Neither of Youngroverbelles have bothered with a driving license.
Now 39 and 37.
Both live in switzerland where there are strict limits on minimum tuition and cars and insurance are at eyewatering prices.
Think yourself it's lucky you are here!
www.ch.ch/en/practical-driving-test/
Practical driving test
During the practical test, an expert assesses your ability to drive a motor vehicle of your chosen category safely and follow the traffic regulations. In order to obtain the necessary skills and to prepare for the test, you are strongly recommended to take driving lessons with a professional instructor.
Booking your test
When you feel comfortable driving, have enough driving experience and have attended the required courses (e.g. compulsory theory course) you can sign up for the practical test.
Please enter your municipality
Find a driving school near you
Please enter your municipality
Test requirements
The vehicle in which you intend to take your test must be in the correct category, in a roadworthy condition, meet all regulations and display an L-plate (white L on blue background) clearly on the back. You must bring the following documents with you:
- a valid identity document (passport, identity card or residence permit)
- your provisional driving licence
- a driving licence obtained for another vehicle category if applicable
- vehicle registration document of vehicle used for the test.
If you pass
After you pass your test you will receive your credit card format probationary driving licence by post.
If you fail Procedure after first failed attempt
If you fail the test, you can generally retake the test after a month. For more information contact your canton’s road traffic office.
Procedure after second failed attempt
You have to provide a certificate from a recognised driving instructor stating that you have completed your training.

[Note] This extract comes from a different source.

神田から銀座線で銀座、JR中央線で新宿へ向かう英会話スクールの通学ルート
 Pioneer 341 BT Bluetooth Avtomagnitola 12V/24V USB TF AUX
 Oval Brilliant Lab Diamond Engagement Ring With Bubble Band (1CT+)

Procedure after third failed attempt
If you fail the practical driving test at the third attempt, you will have to undergo a driving aptitude test before being permitted to take a further test. Your cantonal road traffic office will refer you to the appropriate service. If you fail this test, your provisional licence is no longer valid. The legal basis for this measure is provided by the Road Traffic Licensing Ordinance.
Procedure after fourth failed attempt
If you fail your driving test a fourth time or if you do not pass the driving aptitude test taken after your third attempt, you may only take another test if you are given a positive psychological assessment on your ability to drive.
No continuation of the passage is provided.